César se ruborizó y apretó los labios.

—Sí, se habló del matrimonio con Cosutia, pero no llegamos a ningún compromiso, y yo prefiero este matrimonio, por el futuro que se te abre.

—Vamos a ver —dijo el pequeño César en tono meditativo—, siendo
flamen dialis
no puedo ver cadáveres, no puedo tocar nada de hierro, desde tijeras o navajas hasta espadas y lanzas, y no puedo llevar nada con nudos. No puedo tocar cabras, caballos, perros ni hiedra. No puedo comer carne cruda, trigo, pan con levadura ni habichuelas. No puedo tocar cuero de ningún animal sacrificado para obtenerlo. Y tengo interesantes e importantes deberes. Por ejemplo, anunciar la cosecha en la Vinalia; conduzco la oveja en la procesión del souvetaur¡ha; limpio el templo del Gran Dios Júpiter y dispongo la purificación del recinto si alguien muere dentro de él. ¡Sí, cosas muy interesantes e importantes!

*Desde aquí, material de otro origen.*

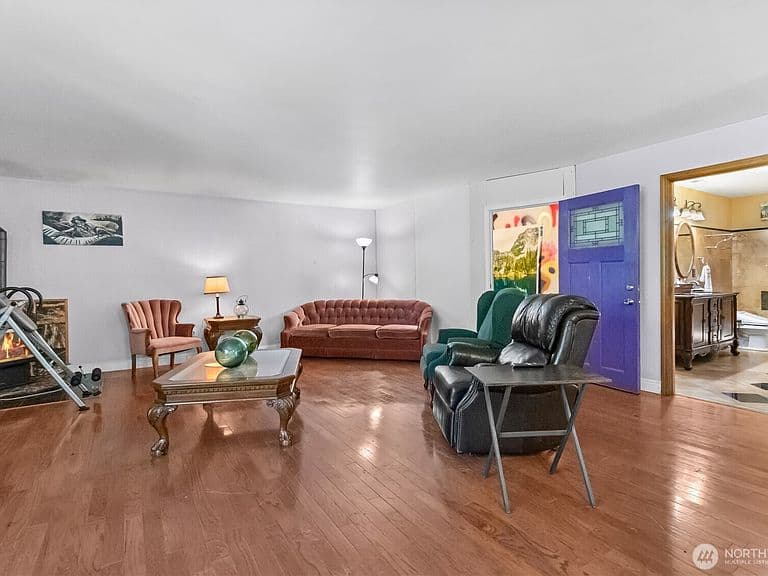 Listing photo 5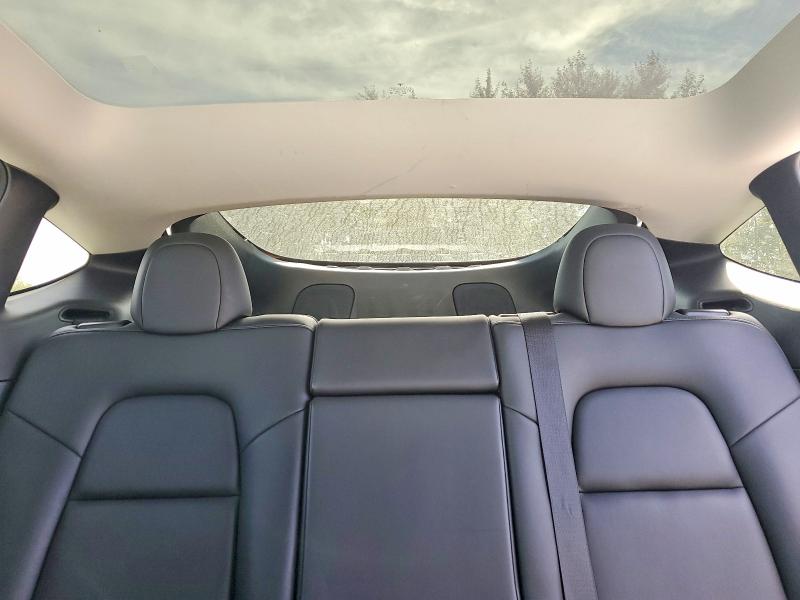 67935926 :رقم المزاد ، 7SAYGDEE5NF481515 vin ، 2022 Tesla Model Y مزاد بيع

Los tres le escuchaban, sin saber por el tono del pequeño si era sarcasmo o ingenuidad.

—¿Qué dices, pues? —inquirió Cayo Mario por tercera vez.

Los ojos azules se alzaron hacia su rostro, y eran tan parecidos a los de Sila, que Mario, por un instante, se imaginó que era él, e instintivamente fue a echar mano a la espada.

—¡Digo… muchas gracias, Cayo Mario! Ha sido muy solícito y considerado por tu parte preocuparte por disponer tan estupendamente mi futuro —dijo el niño con voz neutra, pero sin el menor deje ofensivo—. Tío, comprendo perfectamente por qué te has tomado tanto empeño en cuidar de mi humilde destino. ¡Al
flamen dialis
no se le oculta nada! Pero también te digo, tío, que nada puede cambiar el destino de un hombre ni impedir que sea lo que esté destinado a ser.

—¡Ah, pero no podrás eludir las obligaciones del sacerdote de Júpiter! —exclamó Mario, de nuevo encolerizado, pues le habría gustado ver al muchacho acobardarse, suplicar y llorar.

—¡Sólo faltaría! —replicó el pequeño, sorprendido—. No es eso lo que he querido decir, tío. Te agradezco muy sinceramente esta nueva y hercúlea tarea que me encomiendas. Ahora me voy a casa —añadió, mirando a su padre—. ¿Me acompañas o tienes aún algo que hacer aquí?

—No, voy contigo —contestó César, sorprendido y enarcando una ceja mirando a Mario—. ¿No es cierto, cónsul?

—Por supuesto —contestó Mario, acompañando a padre e hijo, que ya echaban a andar por el bajo Foro.

—Lucio Cinna, ya nos veremos más tarde —dijo César, alzando una mano a guisa de saludo—. Gracias por todo. El caballo es de la legión de Gratidiano y yo no tengo establo.

—No te preocupes, Cayo Julio, ya lo recogerá uno de mis hombres —contestó Cinna, encaminándose al templo de Cástor y Pólux con mucho mejor ánimo del que gozaba cuando había acudido a hablar con Mario.

—Yo creo —dijo Mario, una vez concluidas las despedidas— que celebraremos el enlace de los niños mañana mismo; puede hacerse al amanecer en casa de Lucio Cinna. Luego se reunirán en el templo del Gran Dios el pontífice máximo, el colegio de pontífices, el colegio de augures y los colegios de sacerdotes menores y se celebrará la ceremonia de toma de posesión de los nuevos
flamen
y
flaminica dialis
. La consagración tendrá que hacerse cuando vistas la toga viril, jovencito, pero con la toma de posesión se cumplen ya los requisitos legales.